▶ DATASET EXCERPTS:
════

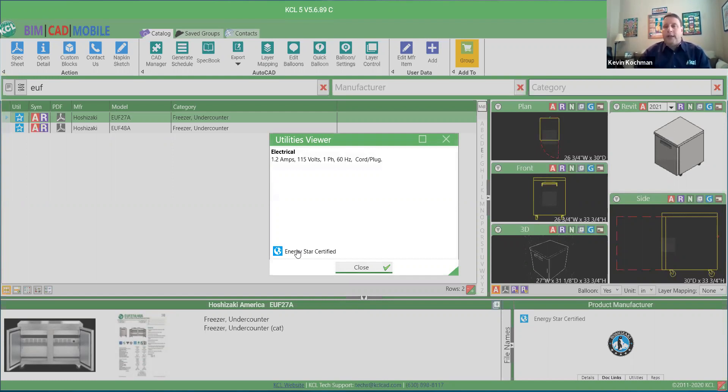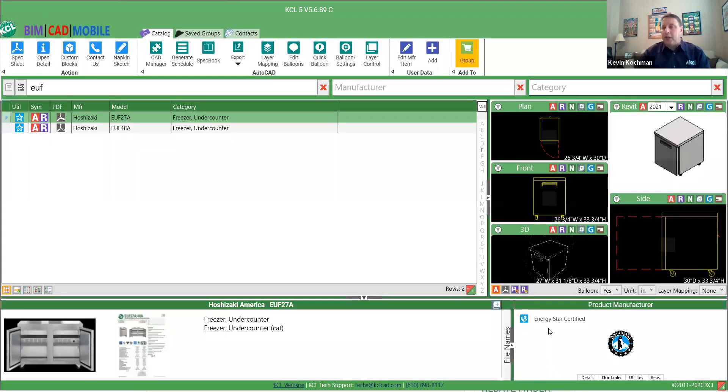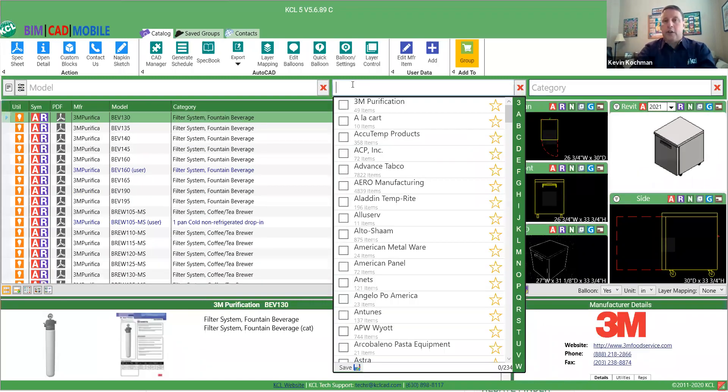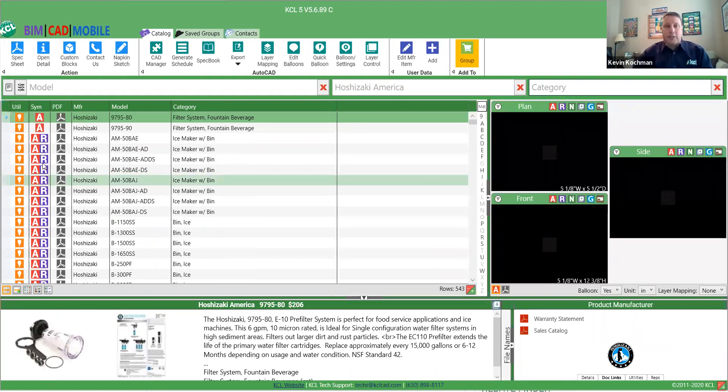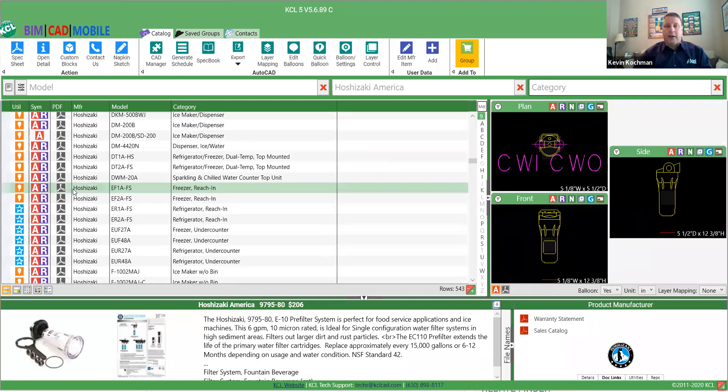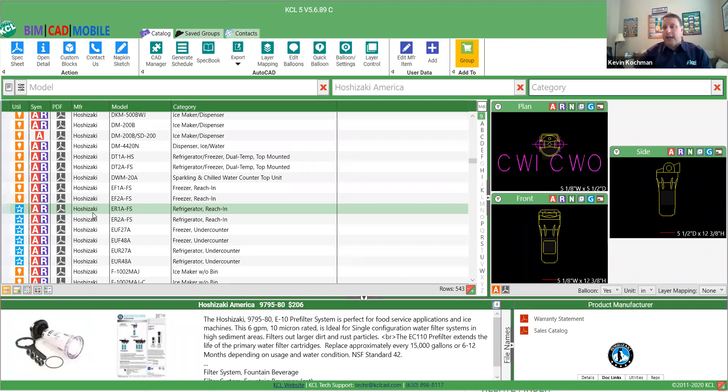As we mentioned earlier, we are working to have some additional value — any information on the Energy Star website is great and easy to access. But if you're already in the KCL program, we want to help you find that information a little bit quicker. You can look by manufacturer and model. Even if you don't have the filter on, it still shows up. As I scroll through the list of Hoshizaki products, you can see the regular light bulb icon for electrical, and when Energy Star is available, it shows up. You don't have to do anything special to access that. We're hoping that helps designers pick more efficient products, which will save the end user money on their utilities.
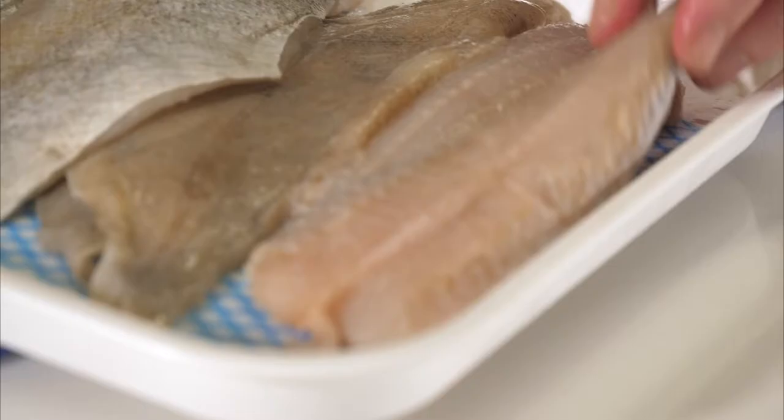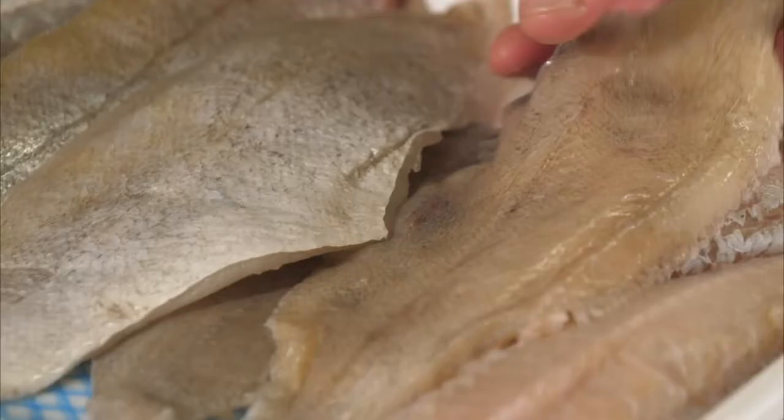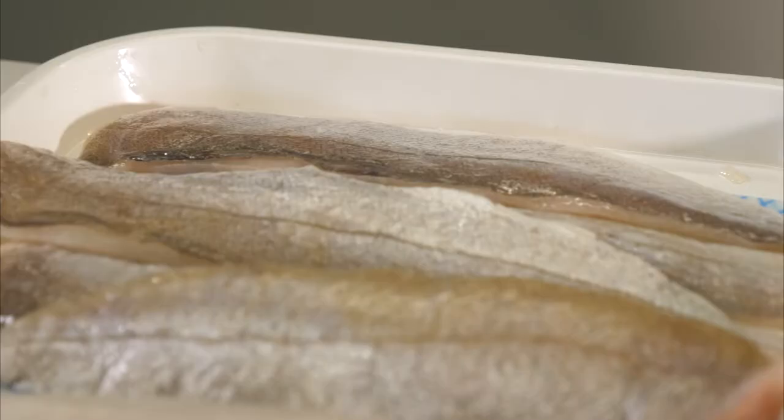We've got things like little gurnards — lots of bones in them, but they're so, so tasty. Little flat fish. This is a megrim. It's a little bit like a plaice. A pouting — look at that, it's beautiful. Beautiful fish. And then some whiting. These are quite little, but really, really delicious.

════

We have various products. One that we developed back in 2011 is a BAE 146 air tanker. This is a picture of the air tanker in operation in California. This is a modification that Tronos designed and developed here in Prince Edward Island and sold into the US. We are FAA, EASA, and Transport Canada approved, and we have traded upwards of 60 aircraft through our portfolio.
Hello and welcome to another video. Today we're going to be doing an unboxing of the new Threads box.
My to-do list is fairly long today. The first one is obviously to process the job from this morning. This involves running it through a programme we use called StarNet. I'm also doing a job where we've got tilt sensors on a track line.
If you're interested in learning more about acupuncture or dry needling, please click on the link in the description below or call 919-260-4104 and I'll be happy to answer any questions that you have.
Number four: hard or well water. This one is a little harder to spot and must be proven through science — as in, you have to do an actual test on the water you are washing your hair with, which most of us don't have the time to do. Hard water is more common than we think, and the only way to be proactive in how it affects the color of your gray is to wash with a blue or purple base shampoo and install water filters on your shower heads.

════

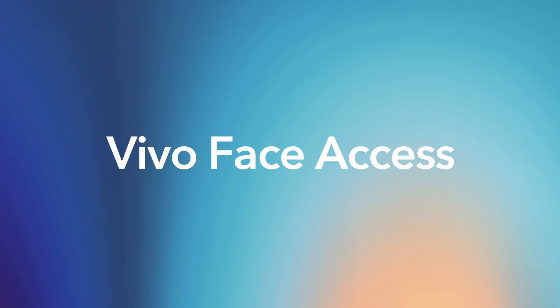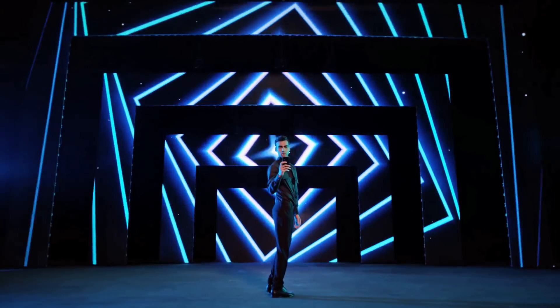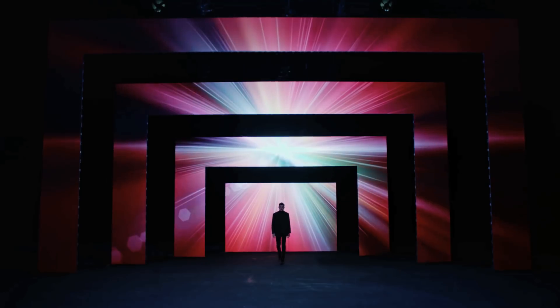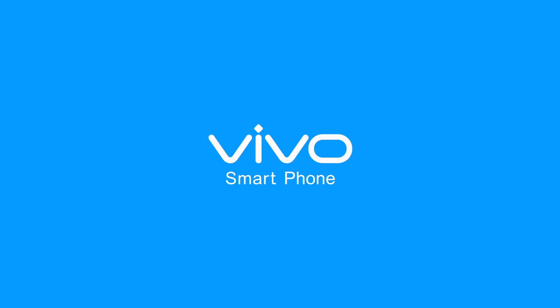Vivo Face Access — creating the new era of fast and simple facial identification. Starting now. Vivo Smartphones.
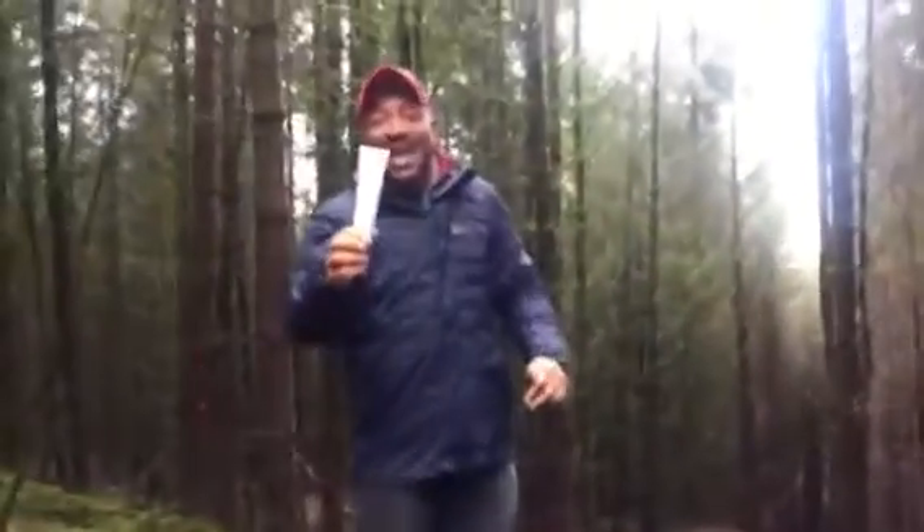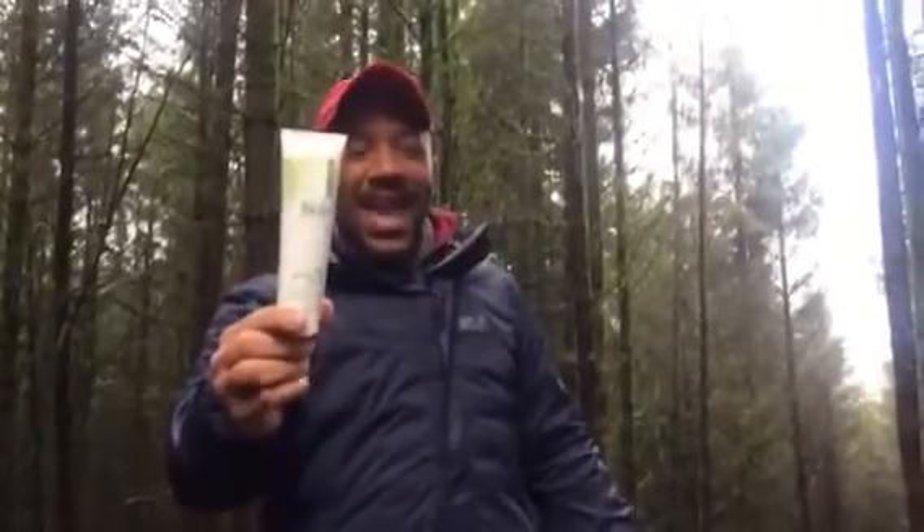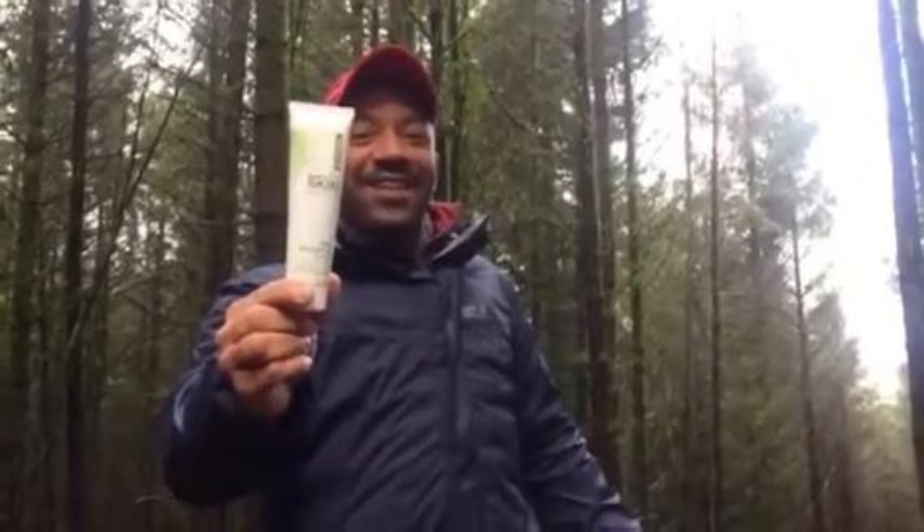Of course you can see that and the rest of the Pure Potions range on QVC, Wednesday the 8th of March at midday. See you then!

════

▶ PROBLEM TO SOLVE:
Retype, in the same exact form, the lines of the material above from the line holding "Hello and welcome" through the line holding "Number four: hard".

▶ ANSWER SECTION:
Hello and welcome to another video. Today we're going to be doing an unboxing of the new Threads box.
My to-do list is fairly long today. The first one is obviously to process the job from this morning. This involves running it through a programme we use called StarNet. I'm also doing a job where we've got tilt sensors on a track line.
If you're interested in learning more about acupuncture or dry needling, please click on the link in the description below or call 919-260-4104 and I'll be happy to answer any questions that you have.
Number four: hard or well water. This one is a little harder to spot and must be proven through science — as in, you have to do an actual test on the water you are washing your hair with, which most of us don't have the time to do. Hard water is more common than we think, and the only way to be proactive in how it affects the color of your gray is to wash with a blue or purple base shampoo and install water filters on your shower heads.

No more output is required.